Facing its hated rival Michigan at home in Value City Arena before the largest crowd of the season, in a nationally-televised dual no less, Ohio State needed its top-ranked leaders to hold serve, and its first-year starters to have a strong showing against a team loaded with talent and hungry to remain undefeated.

It didn't quite work out that way.

Ohio State won just four out of 10 matches, and senior leaders Joey McKenna, Micah Jordan and Myles Martin couldn't score enough bonus points to make up for the matches their teammates lost.

To some extent, Ohio State has built itself more as a tournament team than a dual-meet team, but losing this meet will sting a little. Last season, the Buckeyes only lost to Penn State, and everyone loses to Penn State; the year prior, they dropped three duals, but Kyle Snyder didn't wrestle versus Iowa or at Cornell.

What Went Right

Ohio State's top-ranked captains did what they were supposed to do: win, and with bonus points attached.

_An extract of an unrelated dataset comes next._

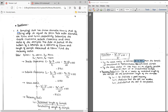Let us see one more problem. A sampling tube has an inner diameter of 70 mm and a cutting edge inner diameter of 68 mm. Their outer diameters are 72 mm and 74 mm respectively. So D1 equals 68 mm, D2 equals 74 mm, D3 equals 70 mm, and D4 equals 72 mm — these are the diameters of the cutting edge and the tube connected to it.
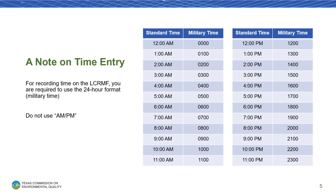Please be aware that when recording a time on this form, you are required to use the 24-hour format, i.e. military time — not using a.m. or p.m. Failure to use this format may result in requests for corrections and delays in testing and data submission. If you are unfamiliar with the 24-hour format, please feel free to reference the chart on the right.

Joey McKenna continues to impress as one of the most dominant technical wrestlers in the business. He's currently ranked No. 2 in the country, and there is little question that he'll be contending for the NCAA title in Pittsburgh.

Facing No. 5 Kanen Storr at 141 pounds, McKenna looked like he may as well have been wrestling an unranked freshman rather than a Top-5 competitor with two seasons under his belt. He reeled off a pair of six-point moves in the first period, and a takedown in each of the subsequent periods secured the tech fall.

Joey McKenna
No. 2 Joey McKenna thumped No. 5 Kanen Storr at 141 pounds.

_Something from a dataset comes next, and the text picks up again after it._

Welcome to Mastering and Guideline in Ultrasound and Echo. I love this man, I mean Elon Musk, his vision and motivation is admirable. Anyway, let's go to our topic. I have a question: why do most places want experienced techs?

Micah Jordan followed up with a major decision at 149 pounds over Malik Amine. Jordan would have liked to have earned the tech, but Amine hung around and Jordan had to settle for the major. That difference would prove important later in the meet.

Facing unranked opponents at 184 and 197, Ohio State expected – and needed – tech falls or better. No. 1 Myles Martin earned a tech fall at 184 pounds, as expected, but couldn't get his man on his back for the fall.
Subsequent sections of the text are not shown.